[Collected data entries]
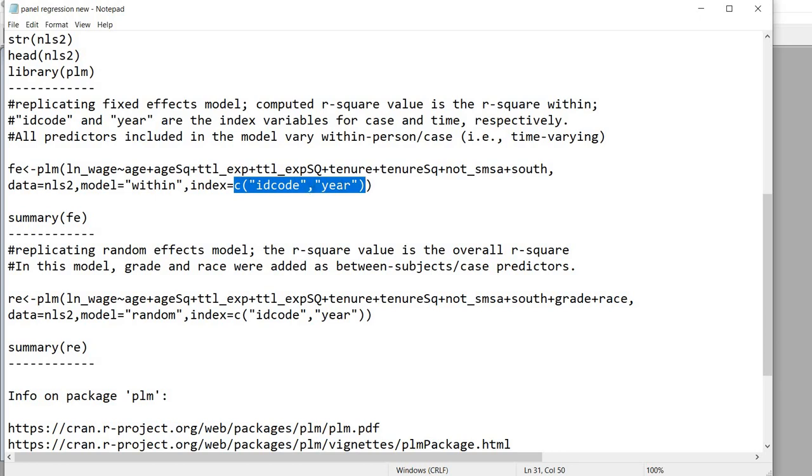So we have index equals C and inside the parenthesis we have ID code which is in quotation marks comma and then year found within the quotation marks. You'll also see that I have an FE right here.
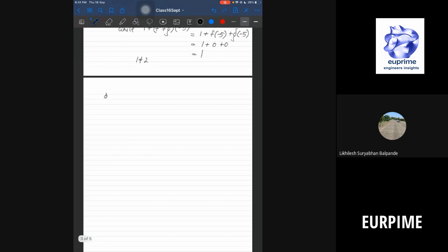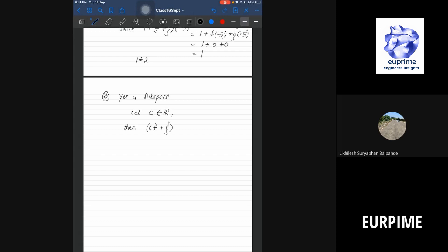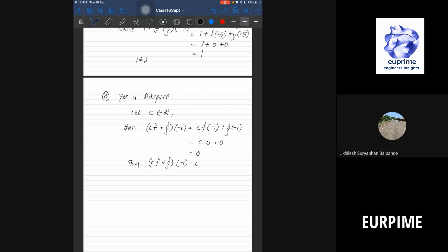Question D does form a subspace. Suppose f and g satisfy the property f(-1) = 0 and g(-1) = 0, and let c be an element in ℝ. Then c(f+g)(-1) = c·f(-1) + g(-1) = c·0 + 0 = 0. Therefore the set of all such functions constitutes a subspace.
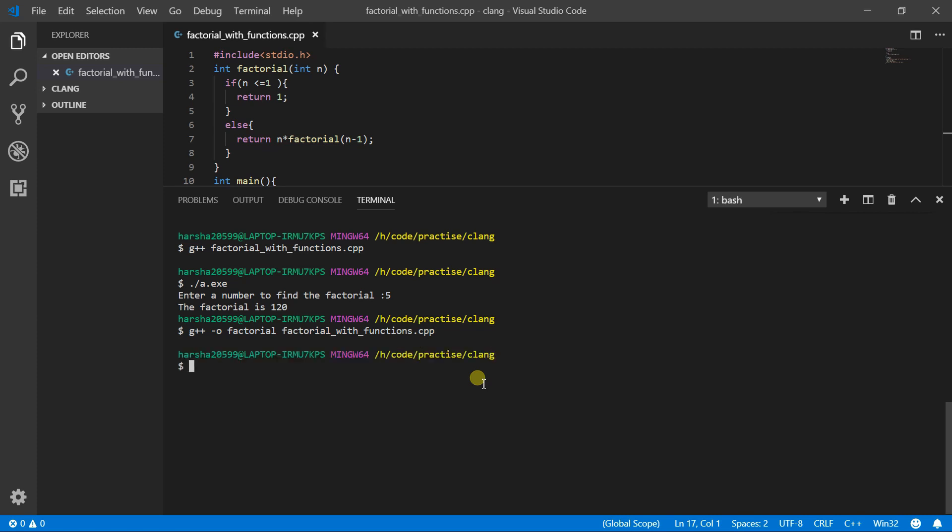And that will generate your output file for the desired name. So instead of dot slash A dot exe, now hit dot slash factorial dot exe. And hit on enter. And that will generate the output for the specified file. Now hit on a number and that will get you the output.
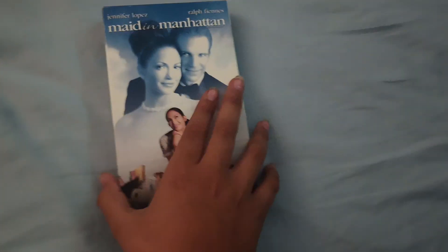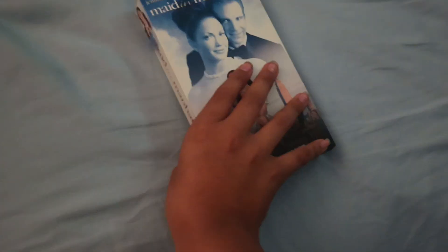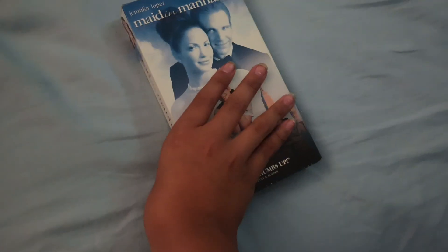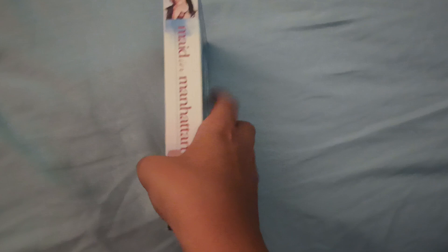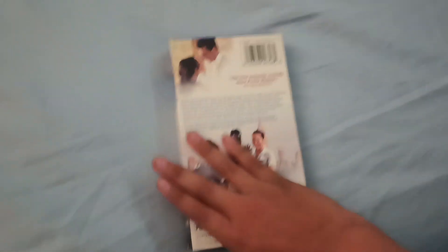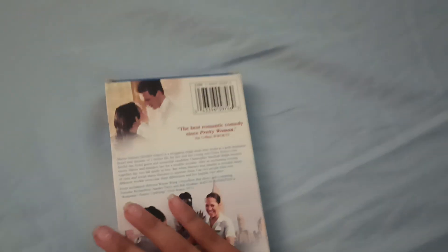First of all, we've got the Made in Manhattan movie. So here's the front, the front spine, the back, and the back spine, and the top. And it even features this tape.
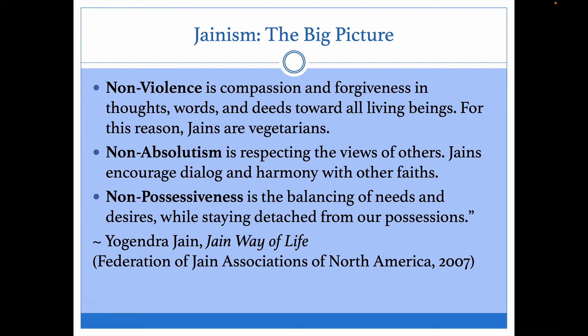First, nonviolence is compassion and forgiveness in thoughts, words, and deeds toward all living beings. For this reason, Jains are vegetarians. One thing you'll notice is that "all living beings" is a different category in the Jain tradition than for non-Jains, because they include things that we normally would not worry about in the same way. Even plants are considered living beings, and Jains take great care not to harm plants or insects.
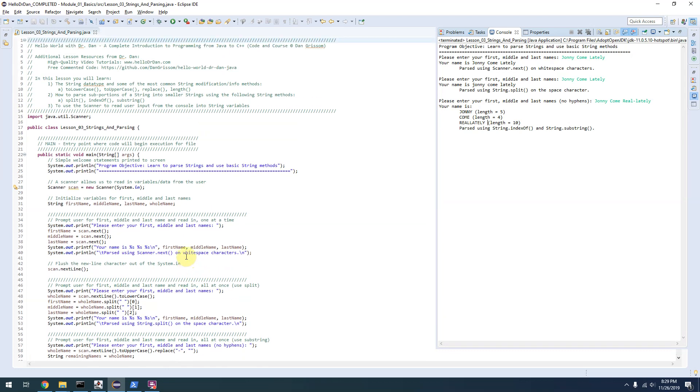This lesson is focused on parsing and strings. I encourage you to check out HelloDrDan.com where you can find a full video walkthrough of this code being written from scratch and explaining it in much greater detail. Thank you.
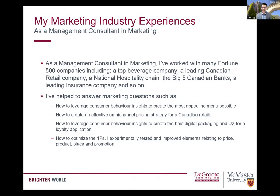Overall, there's a pretty wide variety in the different types of roles in marketing. Whether you are an analytical person, a creative person, or somewhere in between, there's likely a role that would be a nice fit for you. The best thing you can do is to really explore this exciting world and see it for yourself.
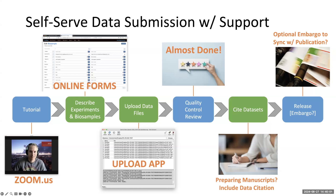A lot of times you're preparing to share data along with preparing a manuscript, so you'll want to have that data kept private until you're ready to publish, and we can do that in FaceSpace. You can upload your data without it being visible.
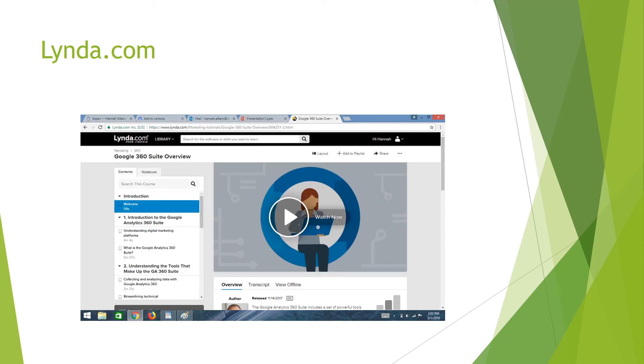If you need extra help, you can also go to lynda.com and set up an account where you can watch detailed videos on how to operate your Google Suite. Overall, G Suite is an easy way to get your company rolling and successful.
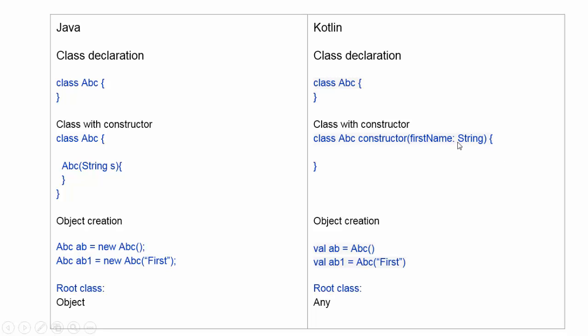Now for objects: in Java, an object is created as ABC equals new ABC, passing an argument to the constructor. But in Kotlin, an object is created by val AB equals ABC. There is no new keyword and no semicolon.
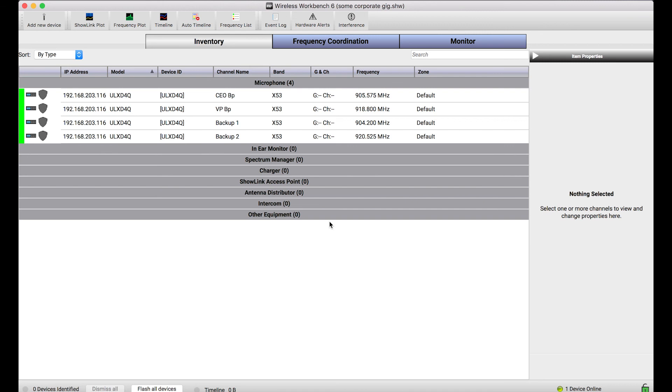So I hope this tutorial was helpful. If you've got any questions about settings conflicts or any other topics about Wireless Workbench, definitely let us know in the comments below. Thanks!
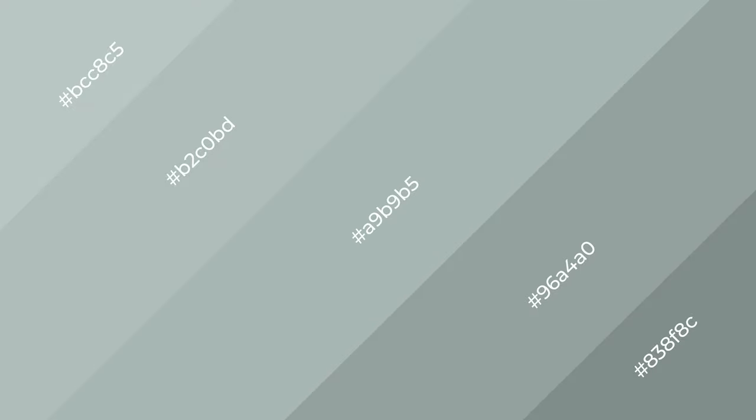To generate shades of a color, we add black to the color, and it is used in patterns, 3D effects, layers. Shades create depth and drama. Bidwell blue is a cool color.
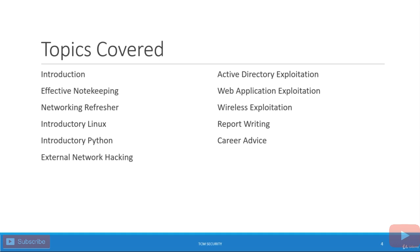So once we get out of the foundational section of this course, then we're going to talk about external network hacking, which is what you see in most courses. Then we're going to move on to this active directory exploitation where we build out an active directory lab, and we exploit it. If you have no idea what active directory is, that's okay, we're going to cover that later on in the course. But it is so fun and such a great experience. I'm really looking forward to that.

ACTIVITY
Above are the records; copy exactly the lines from the one with "If you need" through the one with "To generate shades", including both, and nothing more. Leave out pictures.

EXERCISE ANSWER
If you need extra help, you can also go to lynda.com and set up an account where you can watch detailed videos on how to operate your Google Suite. Overall, G Suite is an easy way to get your company rolling and successful.
Now for objects: in Java, an object is created as ABC equals new ABC, passing an argument to the constructor. But in Kotlin, an object is created by val AB equals ABC. There is no new keyword and no semicolon.
So I hope this tutorial was helpful. If you've got any questions about settings conflicts or any other topics about Wireless Workbench, definitely let us know in the comments below. Thanks!
To generate shades of a color, we add black to the color, and it is used in patterns, 3D effects, layers. Shades create depth and drama. Bidwell blue is a cool color.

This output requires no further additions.